導入される栄養スコアは、塩分や砂糖、飽和脂肪酸の含有量に加え、食物繊維やタンパク質の量などを総合的に数値化したものです。フランスの公衆衛生当局が定めた公的な基準に基づき、最も健康的な「A(緑)」から、慎重に摂取すべき「E(赤)」までの5段階で色分けされます。誰にでも直感的に理解できるデザインが採用されました。

対象となるのは、日本でもお馴染みのチョコレート菓子「キットカット」や、コーヒーブランドの「ネスカフェ」、さらには冷凍ピザや調味料など多岐にわたります。2019年12月02日の発表によると、ネスレは今後2年間をかけて、対象地域で展開する全ブランドへこの表示を拡大していく計画を立てているとのことです。

ネスレの欧州地域責任者であるマルコ・セッテンブリ氏は、現代の人々が口にするものの中身を正確に把握したいと強く願っている事実に言及しました。企業として情報の透明性を高める姿勢は、ブランドへの信頼を築く上で非常に重要です。この動きは、今後欧州で事業を展開する日本の食品メーカーにとっても、無視できない大きな指針となるでしょう。

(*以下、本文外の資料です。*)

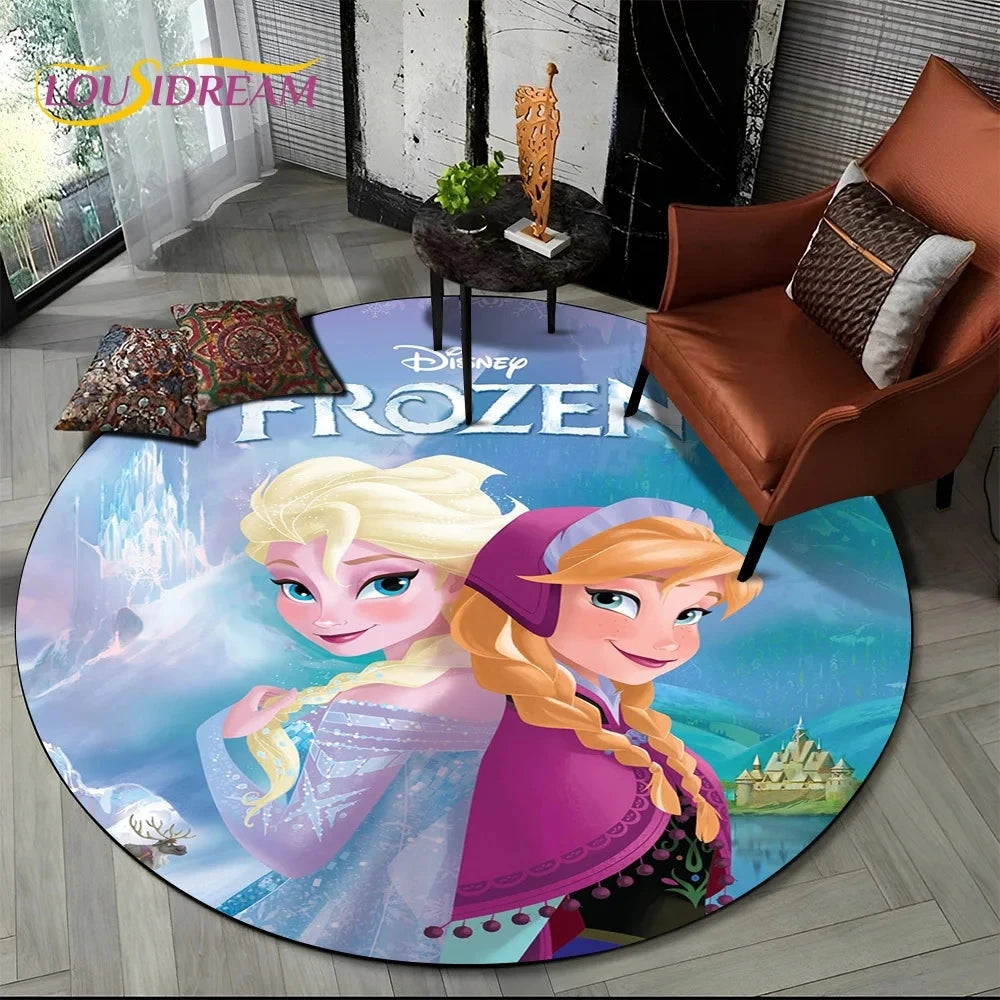 MINISO Indoor-Outdoor Kids Blue Background Round Shaped DISNEY'S Frozen II Movie Cartoon Anime Princess Elsa-Anna-Olaf Design Skid-Proof Bottom Polyester-Flannel Rugs/Colors-Blue/Red/Black/White
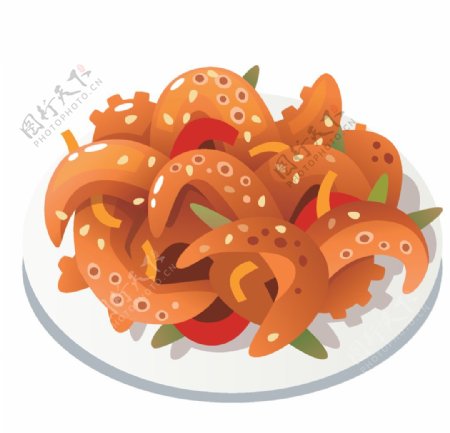 韩国美食插画图案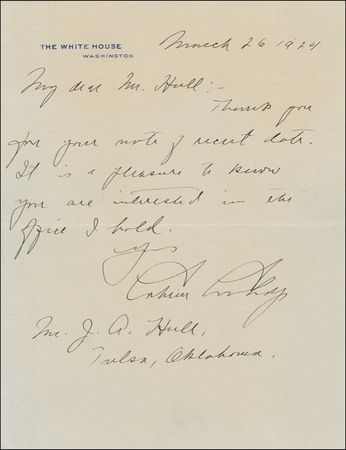 Lot #28 Calvin Coolidge Handwritten Letter Signed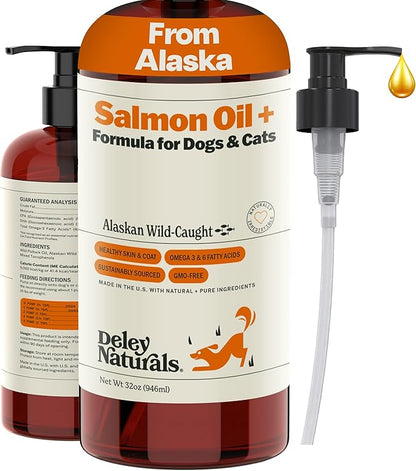 Deley Naturals Wild Alaskan Salmon Oil for Dogs & Cats - New & Improved Salmon Oil Plus Formula - Fish Oil for Dogs with DHA EPA Omega 3 & 6 Fatty Acids - Omega 3 for Skin & Coat - 32oz Made in USA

私個人の見解としては、こうした「情報の見える化」は、忙しい現代人が賢く食事を選択するために不可欠なインフラになると考えています。たとえ「E」判定の商品であっても、それを理解した上で楽しむのと、知らずに摂りすぎるのとでは意味が異なります。企業の誠実な情報開示こそが、真の健康社会を支える鍵になるはずです。